The reaction to Friday's announcement by the College of Charleston that men's basketball coach Bobby Cremins was taking a medical leave of absence was stunning and moved quickly.
Cougars director of athletics Joe Hull, who first learned of Cremins' decision in an 8:30 a.m. phone call, said he hoped to keep things under wraps until the players could be informed at a 3:15 p.m. practice. But by 1 p.m., the campus was abuzz with the news based on Twitter reports.
Junior point guard and team captain Andrew Lawrence said he first heard about Cremins' decision in a text from his parents, who live in London.
"They have a Twitter account and I don't. They wanted to know what was going on," said Lawrence, whose father Renaldo played for Cremins at Appalachian State.
Standing on George Street shortly after 1 p.m., junior guard Bart Benton asked what was going on. He had gotten word from teammate Jordan Scott, who also had seen the tweets after getting out of class.
"I've been trying to find out what's happened," Scott said. "After (Thursday) night's game, he was the same old Bobby. He was in a good mood and focused on the next game, the way he always is. I'm kind of shocked."
Sophomore forward Trent Wiedeman said he didn't find out for certain until the team meeting. He had heard earlier but didn't know whether to give the news any credibility because it came from Twitter.
"It shocked me," Wiedeman said. "My first reaction was worrying about Coach Cremins' health. I really hope Coach Cremins is OK. I wish there was a way we could contact him and show our support."
Asked if he had noticed any changes in Cremins in recent weeks, Lawrence said the coach appeared the same in practices but may have been a little more mellow.
"He was very upbeat," Lawrence said. "He told me he was tired, but that was the whole year. It wasn't the last few games."
Hull said he and Cremins had conversations about the future, but Cremins' call was a shocker.

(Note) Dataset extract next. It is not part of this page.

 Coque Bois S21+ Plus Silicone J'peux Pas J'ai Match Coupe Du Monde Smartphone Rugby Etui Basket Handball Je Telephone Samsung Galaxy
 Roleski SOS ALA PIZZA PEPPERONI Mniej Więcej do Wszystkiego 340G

He said no decisions on the future will be made until he and Cremins have further conversations.
"I think it's fair to say (for the team) that the goal at the start of the year was to be champions of the Southern Conference and go to the NCAA tournament," Hull said. "While the last couple of weeks haven't gone exactly the way they wanted, my guess is that's still the goal. I don't see any reason why that isn't feasible. I'm sure these guys think that's what they're supposed to do."
Mike Young, the head coach at Wofford, today's opponent, said during an early afternoon shootaround at TD Arena that health was the most important thing.

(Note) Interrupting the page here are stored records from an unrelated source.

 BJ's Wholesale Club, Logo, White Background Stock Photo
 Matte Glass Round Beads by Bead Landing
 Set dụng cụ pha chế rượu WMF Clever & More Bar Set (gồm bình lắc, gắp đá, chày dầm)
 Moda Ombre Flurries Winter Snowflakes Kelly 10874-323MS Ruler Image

"Winning and losing, good and bad, nothing matters more," Young said. "I just want what's best for him, and if it's a health issue, that's first and foremost. I'm sure this college community and his team understands that.
"We all go through tough things. They've still got a really good basketball team. We've all suffered through the injury thing, but we've got nine games to go in our league. This College of Charleston team is still incredibly capable of winning this conference. There are so many things to play out."
The consensus among players and others associated with the program was best wishes for Cremins, and they welcomed associate head coach Mark Byington in his new role as interim coach.
"He's a great coach. Last year he was named the top assistant coach in the SoCon, which he definitely deserved," Wiedeman said. "He really knows the game of basketball. He lives and breathes basketball. He's always watching films and drawing up plays. He's a really good coach, and we have a lot of faith in him."
Senior forward Antwaine Wiggins, who said he was caught off-guard, said everyone wants to see Cremins healthy and the team has trust in Byington.
"He's been with Coach Cremins ever since he's been here. We definitely respect him. He knows what he's talking about. He's played the game," Wiggins said. "We know he can get the game done and we're going to do everything we can to help him get the job done.
"He's got a great personality. He's a cool guy. He's young and you can connect with him."